Rather than outright prohibiting or allowing composting toilets, some states do not have regulations, California is one example. As long as your toilets do not cause health problems or affect groundwater quality, the authorities probably won’t have issues.

That said, don’t be surprised if the states suddenly make rules regarding this matter.

What Are the Benefits of a Composting Toilet?


You might be curious as to why there are many states that allow composting toilets. Interestingly, this toilet type has a lot of advantages, making it a popular option among homeowners.

Here are some general advantages you may be glad to know about, especially if you’re getting one of these units yourself.

  • Cost- and energy-saving

Insofar as the installation procedure is concerned, composting toilets are energy and money-saving because they require little to no additional maintenance in the long run.

Even if you cannot afford a commercial compost toilet (which costs around $1,400), a DIY system can be made for a lot less money. You can even construct one from recycled materials to avoid using store-bought components.

  • Off-grid system

For households, having an off grid composting toilet is advantageous since it frees them from the cost and inconvenience of problems with the main sewage pipes. After all, this toilet type doesn’t require connection to any centralized sewage system.

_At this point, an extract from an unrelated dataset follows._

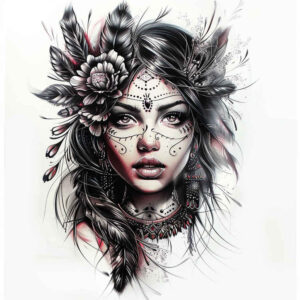 face-with-eyes – tattoo design ideas free ai generated – emotional-realism – for-upper-shoulder – Gallery: faces-inkby-ai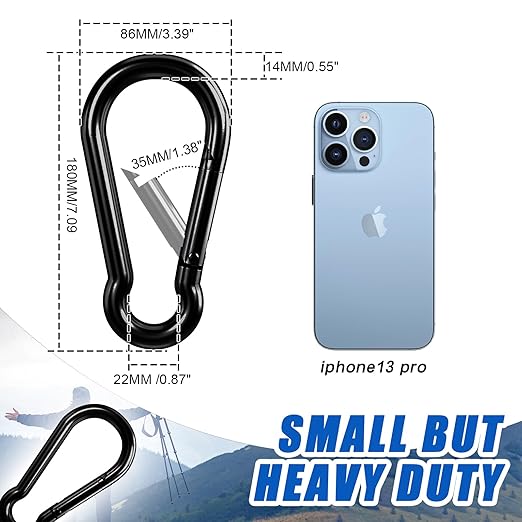 KINLINK 4 Pack Black Carabiner Clip, 7 inch Heavy Duty Spring Snap Hook, Large Caribeener Clips for Camping, Swing Set, Hammock, Hiking, Travel, Weight Lifting Machine, Home Gym Equipment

Additionally, a composting septic system can turn waste into fertilizer, which is very useful if you’re a gardener.

  • Water-efficient

An individual can save more than 6,600 gallons of water a year by utilizing a composting toilet. This figure represents a significant decrease in annual water consumption compared to using typical toilets.

The average household makes five flushes daily on conventional toilets, which amounts to about eight gallons of water and translates to 2,920 gallons overall in a year. Note that this estimate applies to new toilets, which only require about 1.6 gallons/flush.


What states allow composting toilets? We hope you now know the answer. Composting toilets are quite useful, so wanting to know where you can install them is understandable.

Don’t hesitate to get one of these units if your state allows it! After all, compost toilets are environmentally friendly, cost-effective, and water- and energy-efficient.